True or not, Ortelius' map was highly influential for shaping how Europeans would view New Spain. During the late-sixteenth century, Spain tightly controlled all geographic information about its overseas empire. However, written sources did circulate, and it is these travel accounts and reports that Ortelius likely used for his map. Ortelius' map was one of the first to show New Spain and it helped to shape European ideas about the Americas, in this case, that they were large, wild, full of savage peoples, and in need of European intervention. This colonial view of the Americas would persist for centuries.

Oretlius's influence stems from the popularity and dominance of his atlas in the European market. In 1570, Ortelius published the first modern atlas; that is, a set of uniform maps with supporting text gathered in book form. Previously, there were other bound map collections, specifically, the Italian Lafreri atlases, but these were sets of maps-not necessarily uniform-selected and bound together on demand.

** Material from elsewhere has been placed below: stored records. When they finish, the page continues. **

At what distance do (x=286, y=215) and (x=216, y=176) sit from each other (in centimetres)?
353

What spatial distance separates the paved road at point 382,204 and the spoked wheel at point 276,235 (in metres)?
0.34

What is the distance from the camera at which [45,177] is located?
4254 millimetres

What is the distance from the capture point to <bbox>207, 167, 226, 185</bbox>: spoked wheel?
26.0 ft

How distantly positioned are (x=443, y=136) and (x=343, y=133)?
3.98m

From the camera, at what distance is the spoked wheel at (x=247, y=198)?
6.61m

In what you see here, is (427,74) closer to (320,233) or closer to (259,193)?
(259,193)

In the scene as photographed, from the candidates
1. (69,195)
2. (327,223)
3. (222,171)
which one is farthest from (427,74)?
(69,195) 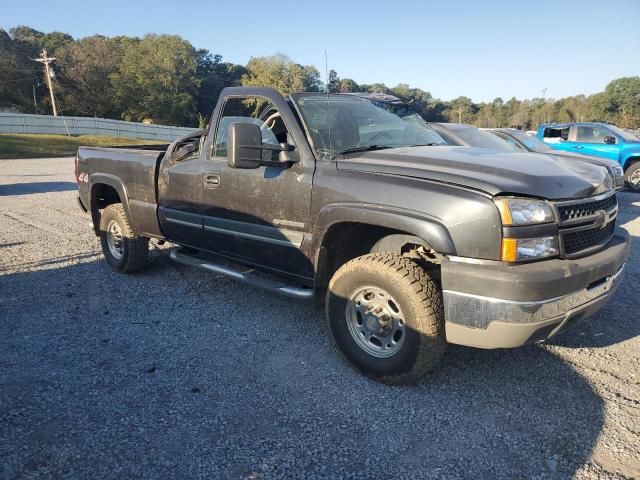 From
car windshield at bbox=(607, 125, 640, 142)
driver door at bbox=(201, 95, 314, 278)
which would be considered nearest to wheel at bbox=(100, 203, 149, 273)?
driver door at bbox=(201, 95, 314, 278)

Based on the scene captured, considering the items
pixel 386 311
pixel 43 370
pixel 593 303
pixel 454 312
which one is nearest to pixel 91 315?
pixel 43 370

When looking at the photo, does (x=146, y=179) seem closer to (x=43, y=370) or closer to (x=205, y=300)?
(x=205, y=300)

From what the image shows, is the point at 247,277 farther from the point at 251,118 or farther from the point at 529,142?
the point at 529,142

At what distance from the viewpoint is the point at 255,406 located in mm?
2930

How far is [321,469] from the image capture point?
239 cm

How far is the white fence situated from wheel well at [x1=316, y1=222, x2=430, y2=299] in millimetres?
35789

Theatrum Orbis Terrarum, Ortelius' atlas, outperformed competing atlases from other cartographic luminaries like the Mercator family. Between 1570 and 1612, 31 editions of the atlas were published in seven languages. This map first appeared in the 1579 Latin edition and was included in 20 editions, including the 1606 English edition.

Condition Description
Some foxing and toning. A small area of thinning on the verso.
Reference
Van den Broecke 13, 1592L7.
Translations from http://www.orteliusmaps.com/book/ort13.html.
Magali M. Carrera, Traveling from New Spain to Mexico: Mapping Practices of Nineteenth-Century Mexico (Durham: Duke University Press, 2011).
Abraham Ortelius Biography

Abraham Ortelius is perhaps the best known and most frequently collected of all sixteenth-century mapmakers. Ortelius started his career as a map colorist. In 1547 he entered the Antwerp guild of St Luke as afsetter van Karten. His early career was as a business man, and most of his journeys before 1560, were for commercial purposes. In 1560, while traveling with Gerard Mercator to Trier, Lorraine, and Poitiers, he seems to have been attracted, largely by Mercator’s influence, towards a career as a scientific geographer. From that point forward, he devoted himself to the compilation of his Theatrum Orbis Terrarum (Theatre of the World), which would become the first modern atlas.

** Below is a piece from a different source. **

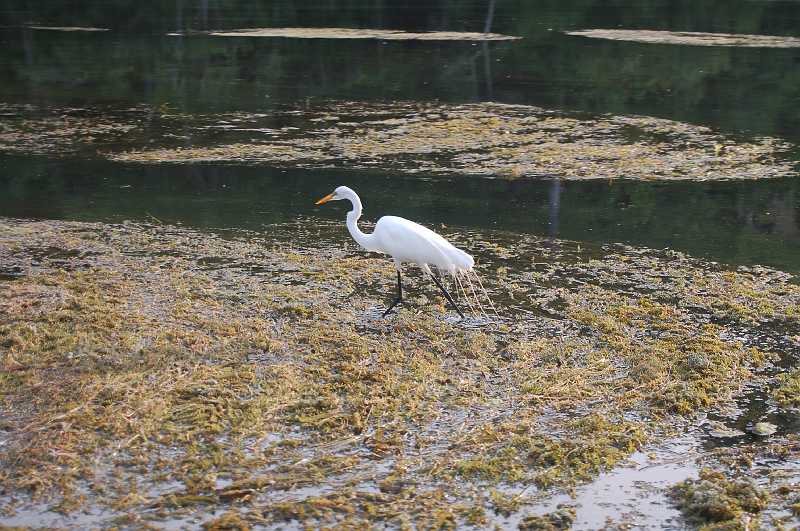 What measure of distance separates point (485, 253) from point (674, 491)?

In 1564 he completed his “mappemonde", an eight-sheet map of the world. The only extant copy of this great map is in the library of the University of Basel. Ortelius also published a map of Egypt in 1565, a plan of Brittenburg Castle on the coast of the Netherlands, and a map of Asia, prior to 1570.

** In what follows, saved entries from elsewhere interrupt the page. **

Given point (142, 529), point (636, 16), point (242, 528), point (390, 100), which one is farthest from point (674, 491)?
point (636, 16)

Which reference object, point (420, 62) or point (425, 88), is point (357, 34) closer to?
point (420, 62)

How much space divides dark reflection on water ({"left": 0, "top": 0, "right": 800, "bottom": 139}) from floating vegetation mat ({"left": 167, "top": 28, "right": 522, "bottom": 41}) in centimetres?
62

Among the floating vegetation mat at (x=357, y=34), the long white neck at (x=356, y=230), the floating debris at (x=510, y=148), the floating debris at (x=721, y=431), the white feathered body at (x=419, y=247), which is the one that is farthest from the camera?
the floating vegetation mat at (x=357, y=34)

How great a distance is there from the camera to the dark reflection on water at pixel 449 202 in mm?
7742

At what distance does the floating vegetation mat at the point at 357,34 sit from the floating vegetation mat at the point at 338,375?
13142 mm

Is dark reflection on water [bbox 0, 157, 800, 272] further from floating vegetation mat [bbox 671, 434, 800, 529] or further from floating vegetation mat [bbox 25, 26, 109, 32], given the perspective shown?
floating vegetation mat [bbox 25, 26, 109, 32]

On May 20, 1570, Ortelius’ Theatrum Orbis Terrarum first appeared in an edition of 70 maps. By the time of his death in 1598, a total of 25 editions were published including editions in Latin, Italian, German, French, and Dutch. Later editions would also be issued in Spanish and English by Ortelius’ successors, Vrients and Plantin, the former adding a number of maps to the atlas, the final edition of which was issued in 1612. Most of the maps in Ortelius' Theatrum were drawn from the works of a number of other mapmakers from around the world; a list of 87 authors is given by Ortelius himself

In 1573, Ortelius published seventeen supplementary maps under the title of Additamentum Theatri Orbis Terrarum. In 1575 he was appointed geographer to the king of Spain, Philip II, on the recommendation of Arias Montanus, who vouched for his orthodoxy (his family, as early as 1535, had fallen under suspicion of Protestantism). In 1578 he laid the basis of a critical treatment of ancient geography with his Synonymia geographica (issued by the Plantin press at Antwerp and republished as Thesaurus geographicus in 1596). In 1584 he issued his Nomenclator Ptolemaicus, a Parergon (a series of maps illustrating ancient history, sacred and secular). Late in life, he also aided Welser in his edition of the Peutinger Table (1598).